Jill Johnson, played by Camilla Belle (who must have 2% body fat), is a high school senior on the outs with her boyfriend.  But in his angst to reconcile with his girl he runs up her cell phone minutes.  Jill’s parents are duly pissed and force her to work off those minutes by lining up babysitting gigs for her.  Jill’s latest job is watching the kids of Dr.
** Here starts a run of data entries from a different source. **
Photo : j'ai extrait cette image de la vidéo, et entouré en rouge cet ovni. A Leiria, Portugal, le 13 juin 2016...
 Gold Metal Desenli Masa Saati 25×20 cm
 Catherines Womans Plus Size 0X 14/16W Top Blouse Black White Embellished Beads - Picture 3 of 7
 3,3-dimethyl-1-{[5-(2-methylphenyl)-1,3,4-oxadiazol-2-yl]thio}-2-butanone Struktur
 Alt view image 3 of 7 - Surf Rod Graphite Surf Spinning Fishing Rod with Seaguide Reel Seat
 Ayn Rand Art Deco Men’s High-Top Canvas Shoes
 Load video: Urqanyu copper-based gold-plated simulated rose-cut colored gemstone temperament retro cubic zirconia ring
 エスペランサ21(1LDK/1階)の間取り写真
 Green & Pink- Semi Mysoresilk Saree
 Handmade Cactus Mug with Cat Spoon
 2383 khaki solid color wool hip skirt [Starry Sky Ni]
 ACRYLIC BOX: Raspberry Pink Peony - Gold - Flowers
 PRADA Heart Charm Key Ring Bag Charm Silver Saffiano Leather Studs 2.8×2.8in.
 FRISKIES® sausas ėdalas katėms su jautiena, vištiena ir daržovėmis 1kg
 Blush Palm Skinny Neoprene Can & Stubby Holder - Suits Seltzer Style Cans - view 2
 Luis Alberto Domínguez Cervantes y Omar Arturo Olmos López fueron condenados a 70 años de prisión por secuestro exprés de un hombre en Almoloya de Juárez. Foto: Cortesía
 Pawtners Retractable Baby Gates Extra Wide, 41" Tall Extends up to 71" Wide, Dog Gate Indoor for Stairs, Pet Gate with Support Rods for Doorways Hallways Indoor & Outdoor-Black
Mandrackas and his wife.  Even though it’s only like six in the evening, the two Mandrackas children are already in bed asleep because their being awake would screw up our plot.  Now the stranger starts calling.  We know he’s bad news because the opening scene has us observing the aftermath of another babysitter who was

slaughtered a few days earlier and a hundred miles away.  No blood though.  This is a PG-13 ‘horror’ movie.  He calls and breathes and calls and whispers and calls and breathes… 

 

Thus in an attempt to extend a ten-minute concept to an 80 minute movie the filmmakers have to resort to forced tension.  Music plays… Jill walks down the ominous hallway… music rises… OH MY GOD! it’s the cat.   Music plays… Jill looks nervous… music rises… OH MY GOD!  it’s a tree branch.  Music plays… Jill trembles… music rises… OH MY GOD!  it’s Jill’s slutty friend.  And it does this over and over and over again losing the audience in the process.  Even when the real drama begins, the commercial trailer has already told us that he’s calling from inside the house, so even that’s worthless.

Though the movie probably couldn’t have worked in the best hands, the director and scriptwriter show very little imagination or ingenuity as they dust off every single horror cliché in the book and toss it in.  And sadly, even though Camilla Belle is incredibly fit, she was woefully inept and conveying fear or terror or horror.  Heavy breathing isn’t quite acting I don’t think.

 

You see children, when I was a teenager in the late 80’s, horror films, even if they blew chunks had a few things we could always count on.  Bloody impalings, decapitations, dismemberments, and gratuitous nudity.  Curse you PG-13, curse you.  Folks, I have suffered so you don’t have to.  So when you’re alone babysitting and a gravelly voiced caller asks ‘Have you checked the children.’  Simply reply ‘Oh, I killed them already.  Good night.’  Then *69 that fool.